Duty sergeant: Officers could have ended George Floyd restraint

In this image from police body cam video, a Minneapolis police officer approaches George Floyd with a gun drawn, on May 25, 2020, outside Cup Foods in Minneapolis, as it is shown Wednesday, March 31, 2021, in the trial of former Minneapolis police Officer Derek Chauvin, in Floyd's death, at the Hennepin County Courthouse in Minneapolis. (Court TV via AP, Pool)

A Minneapolis police supervisory sergeant who was on duty the night George Floyd died testified that he believes the officers who restrained Floyd could have ended it after he stopped resisting.

David Pleoger testified Thursday at the trial of since-fired officer Derek Chauvin, who is charged with murder and manslaughter in Floyd’s death. He noted that officers are trained to roll people on their side to help with their breathing after they have been restrained in the prone position.

“When Mr.
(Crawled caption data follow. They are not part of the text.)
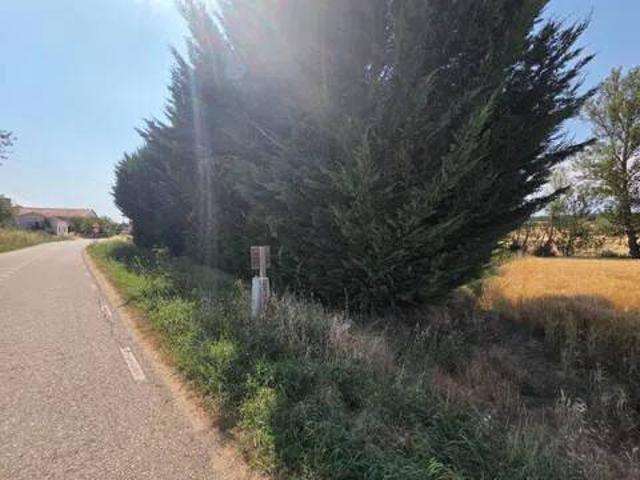 Terreno en Venta en Orbaneja Riopico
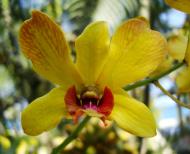 Asisbiz Orchids Soliman Paraiso gardens Tabinay Mindoro Oriental Philippine 032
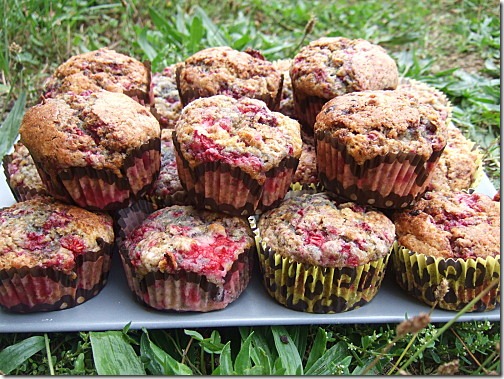 muffins_fruits_rouge_babeurre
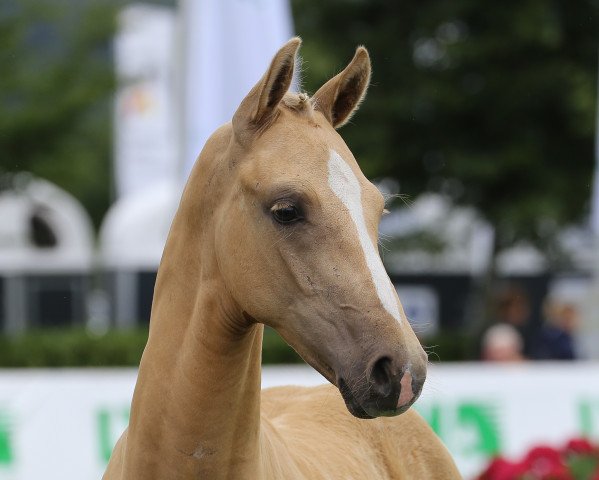 Pferd Dragonheart 45 (Westfale, 2017, von Duvalier 21)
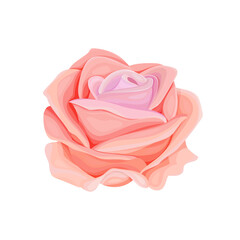 Vector blooming rose on the white background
Floyd was no longer offering up any resistance to the officers, they could have ended the restraint,” Pleoger said.

“And that was after he was handcuffed and on the ground and no longer resistant?” prosecutor Steve Schleicher asked.
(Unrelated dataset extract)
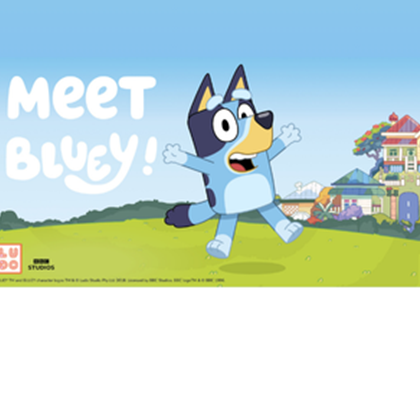 Meet Bluey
“Correct,” replied Ploeger, now retired.

Chauvin, 45 and white, is accused of killing Floyd by pinning his knee on the 46-year-old Black man’s neck for 9 minutes, 29 seconds, as he lay face-down in handcuffs. Floyd had been accused of passing a counterfeit $20 bill at a neighborhood market.

His death triggered large protests around the U.S., scattered violence and widespread soul-searching over racism and police brutality. The most serious charge against Chauvin carries up to 40 years in prison.

Thursday’s testimony began with Floyd’s girlfriend tearfully telling the jury how they met in 2017 — at a Salvation Army shelter where he was a security guard with “this great, deep Southern voice, raspy” — and how they both struggled with an addiction to painkillers.